Posted on:2001-04-22Degree:Ph.DType:Dissertation
University:The Pennsylvania State UniversityCandidate:Heinz, Karen RFull Text:PDF
GTID:1467390014954973Subject:Mathematics Education
Abstract/Summary:
The purpose of this study was to investigate and characterize conceptions of ratio underlying preservice and practicing teachers' approaches to (ratio) tasks and to explore and identify how those conceptions of ratio are related developmentally. I conducted a retrospective analysis of a 20-week whole-class teaching experiment in which the goal was to promote students' conceptions of ratio. I analyzed the videotapes and full transcripts of those classes, students' solutions to a written pretest, and students' journals.;I formulated a construct-the identical groups conception-as a way to characterize the conception of ratio that seemed to be underlying the students' work. Students with an identical groups conception understand that (a) in some situations the quality of interest is created by associating (grouping) two quantities, (b) the quality of interest as determined by the particular amounts of those two quantities remains invariant when that original group is partitioned into identical groups or when groups identical to that original group are accumulated, and (c) ratio is the mathematical model that labels and organizes that system of identical groups. The identical groups conception is a limited conception because not all ratio situations conform to the identical groups structure and hence the identical groups scheme is not triggered by all ratio tasks. Therefore, at this point in development, students still use the incorrect addition strategy to solve (ratio) tasks that do not trigger one of the schemes (e.g., partitive division, part-whole, identical groups) that students do have available.;I contrasted the identical groups conception with a more advanced conception---the conception of ratio as a quantity. The development of a conception of ratio as a quantity supersedes the identical groups conception.
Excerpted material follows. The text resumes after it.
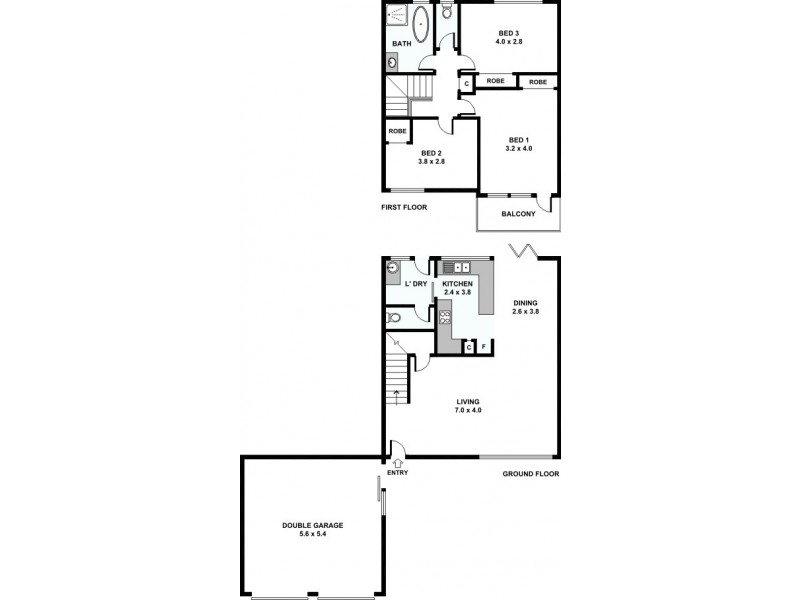 82/19 Werona Avenue, Padstow NSW 2211 Floorplan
The defining characteristic of a conception of ratio as a quantity is the understanding that a ratio is an intensive quantity---a single quantity that measures the multiplicative relationship between two quantities rather than an amount. That is, a ratio is a measure of relative size. This conception of ratio as a measure of relative size enables students to appropriately differentiate between additive and multiplicative situations.